Choose HoldingsIntel
For whether the money agrees: congressional buys benchmarked over their own holding windows, and 551 managers' filings scored into one read per stock, from $19 a month.
References
- SEC EDGAR full-text 13F filing system — primary source for all holdings data
- House and Senate STOCK Act disclosure portals — primary source for congressional trades
- Quiver Quantitative public pricing page, as of 2026-07 (prior verification)
Questions traders actually ask
Quiver already tracks Congress — what does HoldingsIntel add on top?
Two layers. First, a benchmark: every tracked member's buys are measured against SPY over the same entry and exit dates, so a flattering raw return can't hide an index-lagging record. Second, context: each congressional trade sits next to what the 551 largest institutional managers, corporate insiders, and activists filed on the same stock, netted into a single score. Quiver shows the trade; this shows whether anyone with a filing obligation agrees with it.
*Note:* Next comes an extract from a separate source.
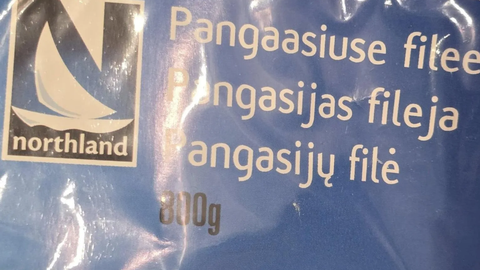 ÕÕVASTAVAD FOTOD ⟩ Pärnakas avastas poest ostetud kalast kahtlased olevused: poe ja PTA arvamused lähevad lahku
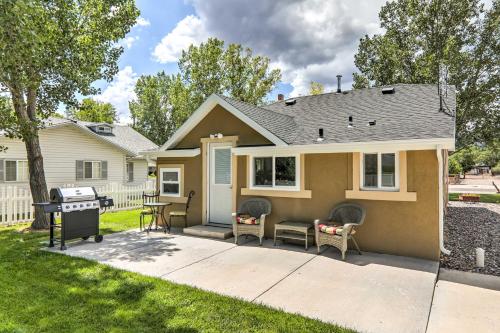 Cozy Farmhouse-Style Cottage by Mighty 5 Ntl Parks - main image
Is Quiver Quantitative's 13F coverage a substitute for HoldingsIntel's?
Both platforms carry 13F holdings, but they weight them differently. On Quiver, institutional positions are one dataset among many, with a backtester on top. Here the 13F record is the whole product: every position of 551 managers scored 0–100, with the score's forward returns published band by band. If institutional filings are a tab you occasionally open, Quiver's version is enough; if they're the reason you subscribe, this is the deeper read.
Do Quiver Quantitative and HoldingsIntel overlap enough that running both is wasteful?
Less than the category labels suggest. The overlap is congressional trades and raw 13F holdings — both public records, free at the source. What you pay each platform for differs: Quiver's $25/mo buys lobbying, contracts, patents, strategies, and copytrading; HoldingsIntel's $19/mo buys the scoring and synthesis of the filings themselves. The pair together costs under $45 a month.